In the recent (and quite authoritative) book by Forstnerič ''Stein Manifolds and Holomorphic Mappings'' Theorem 2.4.6 says:

On any Stein manifold $X$ the Dolbeault cohomology groups vanish: $H^{p,q}_{\bar\partial}(X) = 0$ for all $p \geq 0, q \geq 1$.

So the reverse is not even mentioned.

In the older book by Grauert and Remmert ''Theory of Stein spaces'' on page 81 one reads:

The assumptions of Theorem 5 are always satisfied by Stein manifolds. It is not known if there exist non-Stein manifolds of this type (i.e. $H^q(X,\Omega^p)=0, p \geq 0, q \geq 1$)

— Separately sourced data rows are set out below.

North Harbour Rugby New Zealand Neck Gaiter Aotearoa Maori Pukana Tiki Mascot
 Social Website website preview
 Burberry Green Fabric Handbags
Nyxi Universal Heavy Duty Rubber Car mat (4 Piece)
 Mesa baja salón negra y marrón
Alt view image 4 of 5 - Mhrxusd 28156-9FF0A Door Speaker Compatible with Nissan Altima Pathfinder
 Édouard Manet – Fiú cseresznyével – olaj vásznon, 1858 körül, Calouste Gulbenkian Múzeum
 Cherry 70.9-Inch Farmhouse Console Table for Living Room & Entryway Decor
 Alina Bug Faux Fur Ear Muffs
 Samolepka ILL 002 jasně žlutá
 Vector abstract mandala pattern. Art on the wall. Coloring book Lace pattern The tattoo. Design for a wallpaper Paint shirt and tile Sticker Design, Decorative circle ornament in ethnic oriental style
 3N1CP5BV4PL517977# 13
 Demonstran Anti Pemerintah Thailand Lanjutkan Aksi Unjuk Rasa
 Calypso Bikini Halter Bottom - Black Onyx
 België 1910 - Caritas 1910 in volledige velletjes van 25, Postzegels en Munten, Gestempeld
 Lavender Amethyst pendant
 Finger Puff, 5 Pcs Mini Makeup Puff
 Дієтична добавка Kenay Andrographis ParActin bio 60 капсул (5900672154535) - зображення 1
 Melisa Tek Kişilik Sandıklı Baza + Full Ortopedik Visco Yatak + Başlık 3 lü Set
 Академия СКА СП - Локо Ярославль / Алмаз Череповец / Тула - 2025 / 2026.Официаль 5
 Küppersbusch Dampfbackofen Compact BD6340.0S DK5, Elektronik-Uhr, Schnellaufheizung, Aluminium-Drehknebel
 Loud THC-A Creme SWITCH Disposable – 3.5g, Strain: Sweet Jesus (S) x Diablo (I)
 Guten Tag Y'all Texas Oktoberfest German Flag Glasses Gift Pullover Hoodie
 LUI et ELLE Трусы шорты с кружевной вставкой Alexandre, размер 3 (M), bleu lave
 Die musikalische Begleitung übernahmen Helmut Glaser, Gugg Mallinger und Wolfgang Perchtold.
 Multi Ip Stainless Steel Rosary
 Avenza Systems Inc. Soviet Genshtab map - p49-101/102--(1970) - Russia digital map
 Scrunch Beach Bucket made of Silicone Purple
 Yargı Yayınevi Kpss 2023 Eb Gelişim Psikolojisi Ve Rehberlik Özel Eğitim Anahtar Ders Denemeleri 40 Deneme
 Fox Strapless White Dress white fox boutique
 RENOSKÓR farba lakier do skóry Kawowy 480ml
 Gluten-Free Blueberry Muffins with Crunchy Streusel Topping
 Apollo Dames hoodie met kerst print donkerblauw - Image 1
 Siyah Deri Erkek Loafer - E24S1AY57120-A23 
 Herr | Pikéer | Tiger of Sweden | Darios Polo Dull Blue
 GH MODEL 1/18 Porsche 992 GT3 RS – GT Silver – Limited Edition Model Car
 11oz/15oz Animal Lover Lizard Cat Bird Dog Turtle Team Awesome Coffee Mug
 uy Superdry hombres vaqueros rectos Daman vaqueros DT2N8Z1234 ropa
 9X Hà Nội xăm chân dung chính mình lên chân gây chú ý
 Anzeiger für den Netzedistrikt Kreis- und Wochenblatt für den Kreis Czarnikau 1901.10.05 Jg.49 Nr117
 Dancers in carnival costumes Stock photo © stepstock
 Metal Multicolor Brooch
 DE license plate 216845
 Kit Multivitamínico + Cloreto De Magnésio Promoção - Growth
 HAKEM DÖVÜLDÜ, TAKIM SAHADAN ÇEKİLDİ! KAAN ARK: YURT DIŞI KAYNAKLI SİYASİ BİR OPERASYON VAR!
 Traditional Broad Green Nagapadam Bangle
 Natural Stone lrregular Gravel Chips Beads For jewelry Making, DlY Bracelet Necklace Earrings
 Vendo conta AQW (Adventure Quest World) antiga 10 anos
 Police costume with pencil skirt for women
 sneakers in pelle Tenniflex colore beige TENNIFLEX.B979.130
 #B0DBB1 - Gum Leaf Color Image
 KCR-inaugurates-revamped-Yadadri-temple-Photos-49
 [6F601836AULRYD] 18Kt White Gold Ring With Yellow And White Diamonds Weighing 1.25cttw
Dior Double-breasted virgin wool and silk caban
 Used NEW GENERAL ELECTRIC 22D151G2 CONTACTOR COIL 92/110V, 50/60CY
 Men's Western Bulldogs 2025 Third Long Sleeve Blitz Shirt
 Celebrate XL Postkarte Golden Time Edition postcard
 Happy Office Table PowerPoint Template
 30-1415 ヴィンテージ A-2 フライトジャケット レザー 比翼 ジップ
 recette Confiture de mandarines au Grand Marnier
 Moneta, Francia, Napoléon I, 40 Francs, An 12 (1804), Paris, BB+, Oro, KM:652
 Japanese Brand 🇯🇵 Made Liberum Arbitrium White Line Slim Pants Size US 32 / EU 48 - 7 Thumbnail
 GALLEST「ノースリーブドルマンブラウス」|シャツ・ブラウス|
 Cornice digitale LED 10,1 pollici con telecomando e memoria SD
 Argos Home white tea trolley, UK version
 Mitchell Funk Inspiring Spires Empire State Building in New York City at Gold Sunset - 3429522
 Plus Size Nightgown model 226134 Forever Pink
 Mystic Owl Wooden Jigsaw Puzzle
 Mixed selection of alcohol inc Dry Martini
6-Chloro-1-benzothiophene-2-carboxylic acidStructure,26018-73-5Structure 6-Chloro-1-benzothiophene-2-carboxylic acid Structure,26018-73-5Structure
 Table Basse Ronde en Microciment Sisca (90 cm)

So I assume this was open at least as of 2004 (?)

On the other hand a recent paper by Chakrabarti and Shaw entitled ''The $L^2$-cohomology of a bounded smooth Stein domain is not necessarily Hausdorff'' (on arXiv, the author's website says that it is to appear in Math. Ann.) begins with:

For each bidegree $(p,q)$, with $p\geq0,q >0$, the Dolbeault Cohomology group $H^{(p,q)}(\Omega)$ of a Stein manifold $\Omega$ in degree $(p,q)$ vanishes, and indeed this property characterizes Stein manifolds among complex manifolds.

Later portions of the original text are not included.